Comment 25 for bug 101440

Revision history for this message
sacco (timothy-heap) wrote :

MORE IMPORTANT
(given the concern expressed about performance)

The generator idea is conceptually nice --- effectively
using yield to convert a recursive function into an
iterator --- but I have some practical reservations.

Basically, I don't think yield() can play well with
recursion, not in the sense of the semantics (which
I sure will work fine) but the performance ...

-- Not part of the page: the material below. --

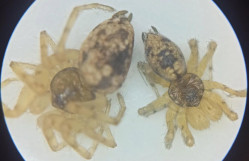 Tələbə Elmi Cəmiyyətinin Siyəzən ekspedisiyası zamanı araxnoloji nümunələr toplanıb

Also, to me, yield seems to make it harder to control
recursion precisely and I I suspect that when we come
to look at tuning the results to get precisely what is
required it may turn out that yield also shares some
of the disadvantages of an iterator and that the the
solution will come to look more and more like the
old recursive version.

But returning to matters of performance:
with a recursive generator, every yield() statment
executed must effectively pass a result back up
the stack, and every level of recursion needs to
be wrapped in a construct which iterates
over the generated list, pulling out values one at
a time and feeding them on upwards. This
almost certainly involves freezing a local context
for every level of recursion each time a value is
returned, and I'd be surprised if Python can do
much optimisation here.

In particular, when you do:
    for text in self._get_textContents(child):
        yield text
as well as introducing an extra level of iteration,
I suspect you are actually using one next()+yield()
(effectively a function call and return) for every
level of recursion each time you return a single
value in the list!

By contrast, the 'threaded' version using L_res
returns nothing on the stack and uses just one
call/return for each node visited.

I've uploaded a version of your microdom (microdom2.py)
which prints some traces to demonstrate what
I mean (the parameters L_test and depth are
obviously just for demonstration purposes):
for this example the generator appears to
use five times as many call/returns!